Bu kitabı yazmaya başladığımda dünya coğrafyasının büyük bölümünde gri bulutlar hüküm sürüyordu. Aradan zaman geçti, ancak gökyüzünü pembe bulutların kapladığı söylenemez; hatta şahane olmayı iddia etmek çocukça bir oyun gibi gözükebilir…
Buna rağmen kitabın başlığından asla vazgeçmedim; çünkü "şahane olmak" için çevremizi saran olayların harikulade olmasını beklememiz gerekmez; aksine "şahane olmak" en kötü koşullarda bile sorunlara takılıp kalmak yerine somut çıkışlara yönelen deneyimler sunmaktadır.
Unutmayalım ki sorunların kaynağı çoğu zaman bizim dışımızda gelişen birtakım olaylardır; yine de bu olayları algılayan, yorumlayan ve çözen veya daha da zorlaştırarak içinden çıkılamaz hale getiren bizden başkası değildir.

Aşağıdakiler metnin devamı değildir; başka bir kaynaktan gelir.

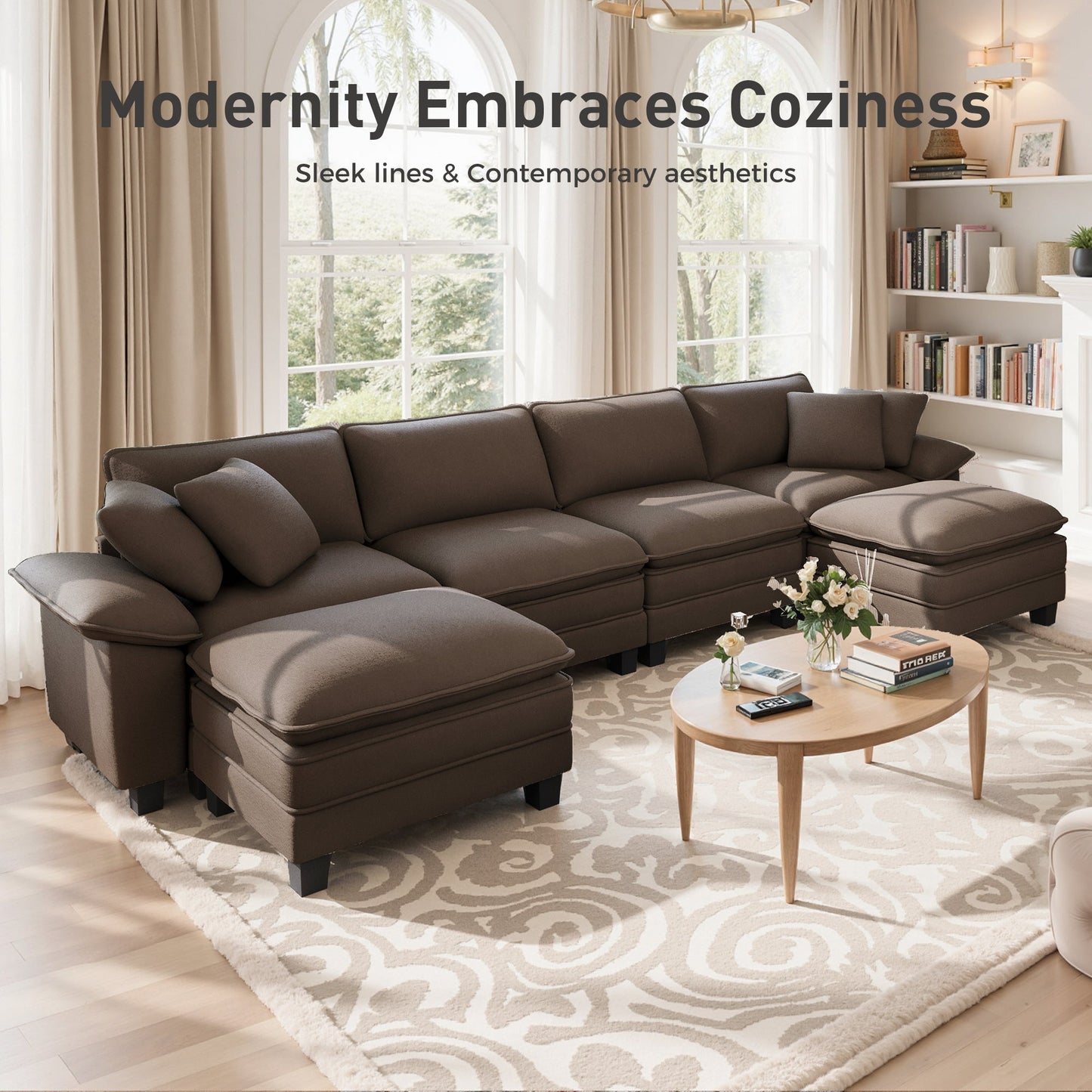 Sophia&William Convertible Sectional Sofa Couch, Modern Chenille Couch 4-Seat 24.4"W Cloud Sofa for Living Room,Brown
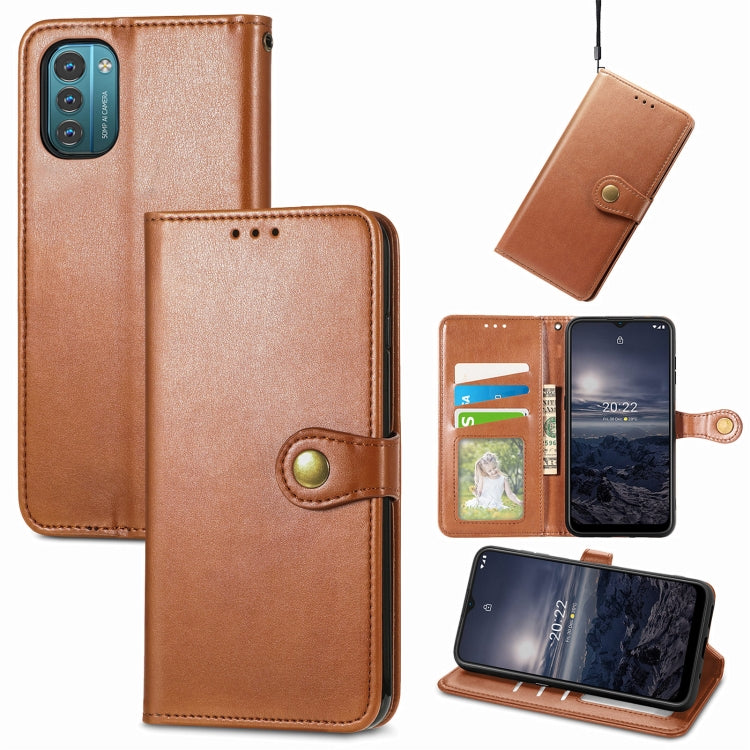 Retro Solid Color Buckle Leather Phone Case, For Nokia G21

"Şahane olmak" en berbat durumda bile başvurabileceğimiz ironik bir seçimdir. "Şahane olmak" o en berbat durum içindeki olası bir "aydınlık çıkışı" fark edebilmek için zihnimizi açık tutmaktır. En önemlisi, "şahane olmak" hayatı nasıl yaşamayı seçtiğimizi gösteren yaşama felsefesidir. Gökyüzünde pembe bulutların bir türlü hüküm süremediğini düşünürsek, sizce de "şahane olmayı" denemeye değmez mi?